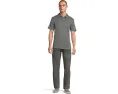 Джинсы Levi's 555 Relaxed Straight расслабленного кроя с прямыми штанинами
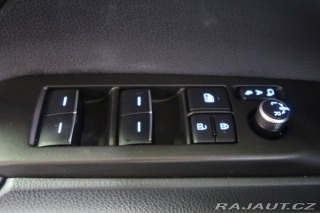 Toyota Camry 2.5Hybrid,CZ,24mZárukaExe 2023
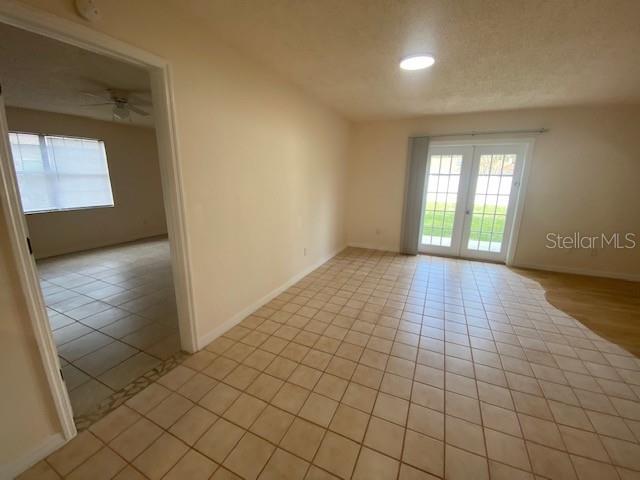 PINE LAKES - Residential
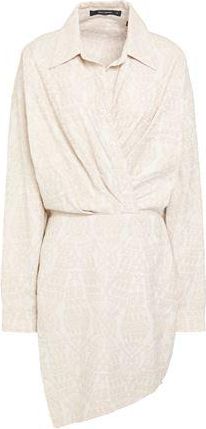 Daily Paper Clothing KLEIDER - Mini-Kleider auf YOOX.COM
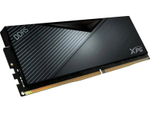 Оперативная память ADATA Lancer AX5U6000C3016G-DCLABK, DDR5 2х 32ГБ 6000 МГц, DIMM, RTL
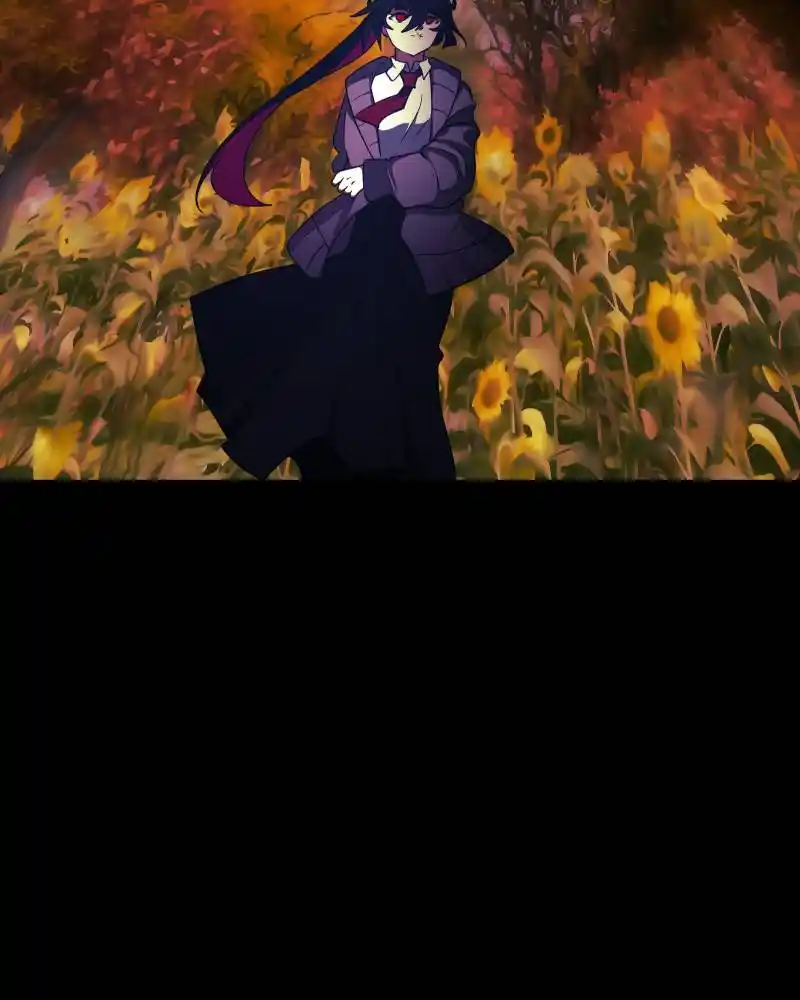 I’M The Grim Reaper Chapter 122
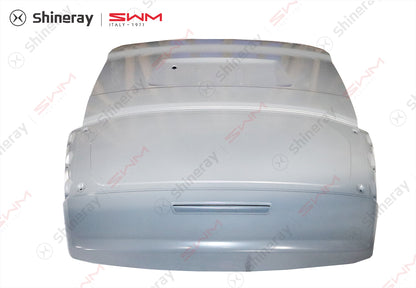 6301010-BB020-A010000>Back door assembly (closed) (electrophoresis)
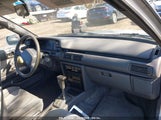 TOYOTA CAMRY LE JT2SV22W0J0130166 fotografie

(WHAT IS BEING ASKED): Starting at the line that holds "Daily Paper Clothing", repeat every line through the end of the listing exactly as written, skipping any picture.

(ANSWER TO THIS TASK):
 Daily Paper Clothing KLEIDER - Mini-Kleider auf YOOX.COM
 Оперативная память ADATA Lancer AX5U6000C3016G-DCLABK, DDR5 2х 32ГБ 6000 МГц, DIMM, RTL
 I’M The Grim Reaper Chapter 122
 6301010-BB020-A010000>Back door assembly (closed) (electrophoresis)
 TOYOTA CAMRY LE JT2SV22W0J0130166 fotografie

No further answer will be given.